▶ **EXERCISE PROMPT**:
Transcribe each record as written.

▶ **RECORDS FOR THE TASK**:
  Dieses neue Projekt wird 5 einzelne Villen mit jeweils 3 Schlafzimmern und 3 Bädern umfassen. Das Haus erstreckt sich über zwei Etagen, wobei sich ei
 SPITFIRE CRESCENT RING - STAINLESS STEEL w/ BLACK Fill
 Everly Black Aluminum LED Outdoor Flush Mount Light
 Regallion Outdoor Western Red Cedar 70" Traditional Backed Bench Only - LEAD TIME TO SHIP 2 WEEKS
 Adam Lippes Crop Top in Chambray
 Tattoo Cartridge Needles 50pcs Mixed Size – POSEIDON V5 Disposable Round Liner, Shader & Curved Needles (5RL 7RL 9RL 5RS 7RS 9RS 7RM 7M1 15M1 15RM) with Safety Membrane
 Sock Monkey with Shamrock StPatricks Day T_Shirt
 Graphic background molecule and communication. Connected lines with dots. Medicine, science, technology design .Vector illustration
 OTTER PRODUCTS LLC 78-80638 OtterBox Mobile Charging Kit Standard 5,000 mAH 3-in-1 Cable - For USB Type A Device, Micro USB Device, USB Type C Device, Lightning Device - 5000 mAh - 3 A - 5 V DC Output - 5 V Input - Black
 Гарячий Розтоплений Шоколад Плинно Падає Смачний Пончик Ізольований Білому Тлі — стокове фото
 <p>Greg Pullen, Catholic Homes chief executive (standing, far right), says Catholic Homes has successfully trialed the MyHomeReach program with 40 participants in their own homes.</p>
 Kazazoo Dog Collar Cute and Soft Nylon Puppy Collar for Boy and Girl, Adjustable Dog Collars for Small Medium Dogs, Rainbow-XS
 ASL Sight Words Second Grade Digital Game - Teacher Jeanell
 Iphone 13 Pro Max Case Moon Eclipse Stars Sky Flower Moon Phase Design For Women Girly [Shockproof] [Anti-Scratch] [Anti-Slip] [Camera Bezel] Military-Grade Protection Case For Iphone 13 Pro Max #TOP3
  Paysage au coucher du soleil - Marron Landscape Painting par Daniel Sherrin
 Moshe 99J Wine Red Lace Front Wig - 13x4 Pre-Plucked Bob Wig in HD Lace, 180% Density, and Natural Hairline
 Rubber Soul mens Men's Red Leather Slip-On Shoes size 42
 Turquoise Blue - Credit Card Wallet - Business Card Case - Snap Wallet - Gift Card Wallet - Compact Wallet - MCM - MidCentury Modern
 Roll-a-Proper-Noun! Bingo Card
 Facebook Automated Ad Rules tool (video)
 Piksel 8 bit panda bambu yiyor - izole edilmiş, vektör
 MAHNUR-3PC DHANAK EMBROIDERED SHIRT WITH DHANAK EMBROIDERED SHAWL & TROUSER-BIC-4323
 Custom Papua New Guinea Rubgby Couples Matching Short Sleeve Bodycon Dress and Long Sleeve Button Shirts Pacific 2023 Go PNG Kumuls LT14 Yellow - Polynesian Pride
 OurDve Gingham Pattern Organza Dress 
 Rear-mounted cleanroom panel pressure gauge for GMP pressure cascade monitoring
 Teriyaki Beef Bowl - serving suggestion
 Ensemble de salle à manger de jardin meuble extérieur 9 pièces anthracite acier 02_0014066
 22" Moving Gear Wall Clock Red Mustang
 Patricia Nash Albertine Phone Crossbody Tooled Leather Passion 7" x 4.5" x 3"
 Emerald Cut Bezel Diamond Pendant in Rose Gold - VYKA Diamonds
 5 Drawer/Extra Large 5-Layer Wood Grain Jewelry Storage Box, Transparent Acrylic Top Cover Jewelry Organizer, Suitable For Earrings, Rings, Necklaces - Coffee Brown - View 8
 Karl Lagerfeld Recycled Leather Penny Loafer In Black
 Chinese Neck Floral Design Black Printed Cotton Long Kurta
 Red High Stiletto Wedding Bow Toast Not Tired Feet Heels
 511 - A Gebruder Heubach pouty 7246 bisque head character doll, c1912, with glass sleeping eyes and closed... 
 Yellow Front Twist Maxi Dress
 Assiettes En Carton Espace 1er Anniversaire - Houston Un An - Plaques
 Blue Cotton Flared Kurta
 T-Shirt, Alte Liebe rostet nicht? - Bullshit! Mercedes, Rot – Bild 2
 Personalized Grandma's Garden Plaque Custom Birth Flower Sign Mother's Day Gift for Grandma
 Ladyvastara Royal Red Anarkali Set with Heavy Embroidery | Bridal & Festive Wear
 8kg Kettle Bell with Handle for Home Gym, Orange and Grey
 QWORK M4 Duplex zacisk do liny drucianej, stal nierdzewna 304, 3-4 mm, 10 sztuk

▶ **TASK RESULT**:
  Dieses neue Projekt wird 5 einzelne Villen mit jeweils 3 Schlafzimmern und 3 Bädern umfassen. Das Haus erstreckt sich über zwei Etagen, wobei sich ei
 SPITFIRE CRESCENT RING - STAINLESS STEEL w/ BLACK Fill
 Everly Black Aluminum LED Outdoor Flush Mount Light
 Regallion Outdoor Western Red Cedar 70" Traditional Backed Bench Only - LEAD TIME TO SHIP 2 WEEKS
 Adam Lippes Crop Top in Chambray
 Tattoo Cartridge Needles 50pcs Mixed Size – POSEIDON V5 Disposable Round Liner, Shader & Curved Needles (5RL 7RL 9RL 5RS 7RS 9RS 7RM 7M1 15M1 15RM) with Safety Membrane
 Sock Monkey with Shamrock StPatricks Day T_Shirt
 Graphic background molecule and communication. Connected lines with dots. Medicine, science, technology design .Vector illustration
 OTTER PRODUCTS LLC 78-80638 OtterBox Mobile Charging Kit Standard 5,000 mAH 3-in-1 Cable - For USB Type A Device, Micro USB Device, USB Type C Device, Lightning Device - 5000 mAh - 3 A - 5 V DC Output - 5 V Input - Black
 Гарячий Розтоплений Шоколад Плинно Падає Смачний Пончик Ізольований Білому Тлі — стокове фото
 <p>Greg Pullen, Catholic Homes chief executive (standing, far right), says Catholic Homes has successfully trialed the MyHomeReach program with 40 participants in their own homes.</p>
 Kazazoo Dog Collar Cute and Soft Nylon Puppy Collar for Boy and Girl, Adjustable Dog Collars for Small Medium Dogs, Rainbow-XS
 ASL Sight Words Second Grade Digital Game - Teacher Jeanell
 Iphone 13 Pro Max Case Moon Eclipse Stars Sky Flower Moon Phase Design For Women Girly [Shockproof] [Anti-Scratch] [Anti-Slip] [Camera Bezel] Military-Grade Protection Case For Iphone 13 Pro Max #TOP3
  Paysage au coucher du soleil - Marron Landscape Painting par Daniel Sherrin
 Moshe 99J Wine Red Lace Front Wig - 13x4 Pre-Plucked Bob Wig in HD Lace, 180% Density, and Natural Hairline
 Rubber Soul mens Men's Red Leather Slip-On Shoes size 42
 Turquoise Blue - Credit Card Wallet - Business Card Case - Snap Wallet - Gift Card Wallet - Compact Wallet - MCM - MidCentury Modern
 Roll-a-Proper-Noun! Bingo Card
 Facebook Automated Ad Rules tool (video)
 Piksel 8 bit panda bambu yiyor - izole edilmiş, vektör
 MAHNUR-3PC DHANAK EMBROIDERED SHIRT WITH DHANAK EMBROIDERED SHAWL & TROUSER-BIC-4323
 Custom Papua New Guinea Rubgby Couples Matching Short Sleeve Bodycon Dress and Long Sleeve Button Shirts Pacific 2023 Go PNG Kumuls LT14 Yellow - Polynesian Pride
 OurDve Gingham Pattern Organza Dress 
 Rear-mounted cleanroom panel pressure gauge for GMP pressure cascade monitoring
 Teriyaki Beef Bowl - serving suggestion
 Ensemble de salle à manger de jardin meuble extérieur 9 pièces anthracite acier 02_0014066
 22" Moving Gear Wall Clock Red Mustang
 Patricia Nash Albertine Phone Crossbody Tooled Leather Passion 7" x 4.5" x 3"
 Emerald Cut Bezel Diamond Pendant in Rose Gold - VYKA Diamonds
 5 Drawer/Extra Large 5-Layer Wood Grain Jewelry Storage Box, Transparent Acrylic Top Cover Jewelry Organizer, Suitable For Earrings, Rings, Necklaces - Coffee Brown - View 8
 Karl Lagerfeld Recycled Leather Penny Loafer In Black
 Chinese Neck Floral Design Black Printed Cotton Long Kurta
 Red High Stiletto Wedding Bow Toast Not Tired Feet Heels
 511 - A Gebruder Heubach pouty 7246 bisque head character doll, c1912, with glass sleeping eyes and closed... 
 Yellow Front Twist Maxi Dress
 Assiettes En Carton Espace 1er Anniversaire - Houston Un An - Plaques
 Blue Cotton Flared Kurta
 T-Shirt, Alte Liebe rostet nicht? - Bullshit! Mercedes, Rot – Bild 2
 Personalized Grandma's Garden Plaque Custom Birth Flower Sign Mother's Day Gift for Grandma
 Ladyvastara Royal Red Anarkali Set with Heavy Embroidery | Bridal & Festive Wear
 8kg Kettle Bell with Handle for Home Gym, Orange and Grey
 QWORK M4 Duplex zacisk do liny drucianej, stal nierdzewna 304, 3-4 mm, 10 sztuk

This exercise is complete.